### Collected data

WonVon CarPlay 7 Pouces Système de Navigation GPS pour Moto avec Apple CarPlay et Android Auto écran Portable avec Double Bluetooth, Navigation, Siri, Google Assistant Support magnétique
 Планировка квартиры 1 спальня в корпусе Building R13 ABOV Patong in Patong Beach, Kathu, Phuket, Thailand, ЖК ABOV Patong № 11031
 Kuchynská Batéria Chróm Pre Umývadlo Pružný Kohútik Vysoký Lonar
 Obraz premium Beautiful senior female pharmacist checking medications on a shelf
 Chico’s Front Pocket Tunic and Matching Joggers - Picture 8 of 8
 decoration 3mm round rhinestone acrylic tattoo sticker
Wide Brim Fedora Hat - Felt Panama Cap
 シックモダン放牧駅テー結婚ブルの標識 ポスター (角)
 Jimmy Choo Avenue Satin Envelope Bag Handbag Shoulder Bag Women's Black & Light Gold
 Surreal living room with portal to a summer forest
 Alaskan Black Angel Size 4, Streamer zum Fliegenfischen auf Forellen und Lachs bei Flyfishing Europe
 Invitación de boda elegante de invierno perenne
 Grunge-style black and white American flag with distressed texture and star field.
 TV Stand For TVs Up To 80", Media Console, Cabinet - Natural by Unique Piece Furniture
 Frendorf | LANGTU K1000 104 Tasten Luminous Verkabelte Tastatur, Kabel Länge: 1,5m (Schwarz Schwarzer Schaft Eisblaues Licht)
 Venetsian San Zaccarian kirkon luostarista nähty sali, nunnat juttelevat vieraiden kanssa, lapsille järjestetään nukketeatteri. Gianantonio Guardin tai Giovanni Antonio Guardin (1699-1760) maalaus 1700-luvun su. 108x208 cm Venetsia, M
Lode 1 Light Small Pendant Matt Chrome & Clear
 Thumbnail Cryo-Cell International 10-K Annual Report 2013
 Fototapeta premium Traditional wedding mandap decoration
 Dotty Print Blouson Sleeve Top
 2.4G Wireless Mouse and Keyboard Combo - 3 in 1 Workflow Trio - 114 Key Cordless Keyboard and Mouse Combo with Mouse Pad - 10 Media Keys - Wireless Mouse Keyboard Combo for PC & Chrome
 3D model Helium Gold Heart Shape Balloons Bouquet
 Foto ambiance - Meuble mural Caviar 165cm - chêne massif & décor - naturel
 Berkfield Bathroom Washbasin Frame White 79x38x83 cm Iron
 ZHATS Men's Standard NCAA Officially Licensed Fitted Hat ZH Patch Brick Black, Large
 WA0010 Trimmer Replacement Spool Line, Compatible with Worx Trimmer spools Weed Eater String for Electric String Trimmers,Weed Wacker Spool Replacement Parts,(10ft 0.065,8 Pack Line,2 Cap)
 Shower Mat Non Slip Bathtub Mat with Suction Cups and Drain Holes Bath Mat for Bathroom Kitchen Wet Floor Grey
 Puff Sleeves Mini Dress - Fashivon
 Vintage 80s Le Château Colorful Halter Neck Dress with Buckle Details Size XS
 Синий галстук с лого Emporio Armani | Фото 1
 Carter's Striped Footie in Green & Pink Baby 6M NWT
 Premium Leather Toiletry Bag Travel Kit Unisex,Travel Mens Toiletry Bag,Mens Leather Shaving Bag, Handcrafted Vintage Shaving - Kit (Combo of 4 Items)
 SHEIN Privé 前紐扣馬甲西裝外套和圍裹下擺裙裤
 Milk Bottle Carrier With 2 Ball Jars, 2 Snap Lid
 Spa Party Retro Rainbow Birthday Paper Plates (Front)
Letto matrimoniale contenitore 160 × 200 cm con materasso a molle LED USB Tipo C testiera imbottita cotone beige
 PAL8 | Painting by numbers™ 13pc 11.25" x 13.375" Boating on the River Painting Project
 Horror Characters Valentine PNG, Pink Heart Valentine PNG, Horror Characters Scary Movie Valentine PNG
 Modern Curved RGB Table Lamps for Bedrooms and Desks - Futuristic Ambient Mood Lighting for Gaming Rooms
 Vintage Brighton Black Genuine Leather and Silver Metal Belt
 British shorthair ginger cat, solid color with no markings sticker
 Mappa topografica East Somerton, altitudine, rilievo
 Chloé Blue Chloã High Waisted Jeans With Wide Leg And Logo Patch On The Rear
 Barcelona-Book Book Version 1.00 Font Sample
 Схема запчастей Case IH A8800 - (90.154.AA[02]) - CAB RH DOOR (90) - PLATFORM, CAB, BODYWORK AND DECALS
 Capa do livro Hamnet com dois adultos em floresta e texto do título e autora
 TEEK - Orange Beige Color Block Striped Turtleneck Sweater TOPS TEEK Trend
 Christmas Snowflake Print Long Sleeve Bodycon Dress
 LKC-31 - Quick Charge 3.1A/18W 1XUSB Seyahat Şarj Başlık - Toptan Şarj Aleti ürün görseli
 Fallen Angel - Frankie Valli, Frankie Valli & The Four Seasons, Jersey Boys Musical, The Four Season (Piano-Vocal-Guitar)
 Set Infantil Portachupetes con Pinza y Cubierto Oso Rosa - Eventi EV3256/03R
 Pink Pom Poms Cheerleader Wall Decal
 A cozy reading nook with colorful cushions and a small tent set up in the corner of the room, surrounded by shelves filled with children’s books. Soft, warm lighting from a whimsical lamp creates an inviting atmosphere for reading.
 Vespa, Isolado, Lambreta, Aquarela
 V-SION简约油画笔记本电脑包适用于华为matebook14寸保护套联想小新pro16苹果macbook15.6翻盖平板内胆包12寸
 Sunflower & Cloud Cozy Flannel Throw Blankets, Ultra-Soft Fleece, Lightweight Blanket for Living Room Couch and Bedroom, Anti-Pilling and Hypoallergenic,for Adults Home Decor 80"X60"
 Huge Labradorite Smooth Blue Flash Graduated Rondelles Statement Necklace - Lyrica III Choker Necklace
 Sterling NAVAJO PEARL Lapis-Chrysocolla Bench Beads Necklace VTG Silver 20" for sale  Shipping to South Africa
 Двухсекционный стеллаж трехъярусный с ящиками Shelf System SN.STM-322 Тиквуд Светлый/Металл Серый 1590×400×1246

### AIM OF THE TASK
Copy out each entry above with no deviation.

### RESULT OF THIS EXERCISE
WonVon CarPlay 7 Pouces Système de Navigation GPS pour Moto avec Apple CarPlay et Android Auto écran Portable avec Double Bluetooth, Navigation, Siri, Google Assistant Support magnétique
 Планировка квартиры 1 спальня в корпусе Building R13 ABOV Patong in Patong Beach, Kathu, Phuket, Thailand, ЖК ABOV Patong № 11031
 Kuchynská Batéria Chróm Pre Umývadlo Pružný Kohútik Vysoký Lonar
 Obraz premium Beautiful senior female pharmacist checking medications on a shelf
 Chico’s Front Pocket Tunic and Matching Joggers - Picture 8 of 8
 decoration 3mm round rhinestone acrylic tattoo sticker
Wide Brim Fedora Hat - Felt Panama Cap
 シックモダン放牧駅テー結婚ブルの標識 ポスター (角)
 Jimmy Choo Avenue Satin Envelope Bag Handbag Shoulder Bag Women's Black & Light Gold
 Surreal living room with portal to a summer forest
 Alaskan Black Angel Size 4, Streamer zum Fliegenfischen auf Forellen und Lachs bei Flyfishing Europe
 Invitación de boda elegante de invierno perenne
 Grunge-style black and white American flag with distressed texture and star field.
 TV Stand For TVs Up To 80", Media Console, Cabinet - Natural by Unique Piece Furniture
 Frendorf | LANGTU K1000 104 Tasten Luminous Verkabelte Tastatur, Kabel Länge: 1,5m (Schwarz Schwarzer Schaft Eisblaues Licht)
 Venetsian San Zaccarian kirkon luostarista nähty sali, nunnat juttelevat vieraiden kanssa, lapsille järjestetään nukketeatteri. Gianantonio Guardin tai Giovanni Antonio Guardin (1699-1760) maalaus 1700-luvun su. 108x208 cm Venetsia, M
Lode 1 Light Small Pendant Matt Chrome & Clear
 Thumbnail Cryo-Cell International 10-K Annual Report 2013
 Fototapeta premium Traditional wedding mandap decoration
 Dotty Print Blouson Sleeve Top
 2.4G Wireless Mouse and Keyboard Combo - 3 in 1 Workflow Trio - 114 Key Cordless Keyboard and Mouse Combo with Mouse Pad - 10 Media Keys - Wireless Mouse Keyboard Combo for PC & Chrome
 3D model Helium Gold Heart Shape Balloons Bouquet
 Foto ambiance - Meuble mural Caviar 165cm - chêne massif & décor - naturel
 Berkfield Bathroom Washbasin Frame White 79x38x83 cm Iron
 ZHATS Men's Standard NCAA Officially Licensed Fitted Hat ZH Patch Brick Black, Large
 WA0010 Trimmer Replacement Spool Line, Compatible with Worx Trimmer spools Weed Eater String for Electric String Trimmers,Weed Wacker Spool Replacement Parts,(10ft 0.065,8 Pack Line,2 Cap)
 Shower Mat Non Slip Bathtub Mat with Suction Cups and Drain Holes Bath Mat for Bathroom Kitchen Wet Floor Grey
 Puff Sleeves Mini Dress - Fashivon
 Vintage 80s Le Château Colorful Halter Neck Dress with Buckle Details Size XS
 Синий галстук с лого Emporio Armani | Фото 1
 Carter's Striped Footie in Green & Pink Baby 6M NWT
 Premium Leather Toiletry Bag Travel Kit Unisex,Travel Mens Toiletry Bag,Mens Leather Shaving Bag, Handcrafted Vintage Shaving - Kit (Combo of 4 Items)
 SHEIN Privé 前紐扣馬甲西裝外套和圍裹下擺裙裤
 Milk Bottle Carrier With 2 Ball Jars, 2 Snap Lid
 Spa Party Retro Rainbow Birthday Paper Plates (Front)
Letto matrimoniale contenitore 160 × 200 cm con materasso a molle LED USB Tipo C testiera imbottita cotone beige
 PAL8 | Painting by numbers™ 13pc 11.25" x 13.375" Boating on the River Painting Project
 Horror Characters Valentine PNG, Pink Heart Valentine PNG, Horror Characters Scary Movie Valentine PNG
 Modern Curved RGB Table Lamps for Bedrooms and Desks - Futuristic Ambient Mood Lighting for Gaming Rooms
 Vintage Brighton Black Genuine Leather and Silver Metal Belt
 British shorthair ginger cat, solid color with no markings sticker
 Mappa topografica East Somerton, altitudine, rilievo
 Chloé Blue Chloã High Waisted Jeans With Wide Leg And Logo Patch On The Rear
 Barcelona-Book Book Version 1.00 Font Sample
 Схема запчастей Case IH A8800 - (90.154.AA[02]) - CAB RH DOOR (90) - PLATFORM, CAB, BODYWORK AND DECALS
 Capa do livro Hamnet com dois adultos em floresta e texto do título e autora
 TEEK - Orange Beige Color Block Striped Turtleneck Sweater TOPS TEEK Trend
 Christmas Snowflake Print Long Sleeve Bodycon Dress
 LKC-31 - Quick Charge 3.1A/18W 1XUSB Seyahat Şarj Başlık - Toptan Şarj Aleti ürün görseli
 Fallen Angel - Frankie Valli, Frankie Valli & The Four Seasons, Jersey Boys Musical, The Four Season (Piano-Vocal-Guitar)
 Set Infantil Portachupetes con Pinza y Cubierto Oso Rosa - Eventi EV3256/03R
 Pink Pom Poms Cheerleader Wall Decal
 A cozy reading nook with colorful cushions and a small tent set up in the corner of the room, surrounded by shelves filled with children’s books. Soft, warm lighting from a whimsical lamp creates an inviting atmosphere for reading.
 Vespa, Isolado, Lambreta, Aquarela
 V-SION简约油画笔记本电脑包适用于华为matebook14寸保护套联想小新pro16苹果macbook15.6翻盖平板内胆包12寸
 Sunflower & Cloud Cozy Flannel Throw Blankets, Ultra-Soft Fleece, Lightweight Blanket for Living Room Couch and Bedroom, Anti-Pilling and Hypoallergenic,for Adults Home Decor 80"X60"
 Huge Labradorite Smooth Blue Flash Graduated Rondelles Statement Necklace - Lyrica III Choker Necklace
 Sterling NAVAJO PEARL Lapis-Chrysocolla Bench Beads Necklace VTG Silver 20" for sale  Shipping to South Africa
 Двухсекционный стеллаж трехъярусный с ящиками Shelf System SN.STM-322 Тиквуд Светлый/Металл Серый 1590×400×1246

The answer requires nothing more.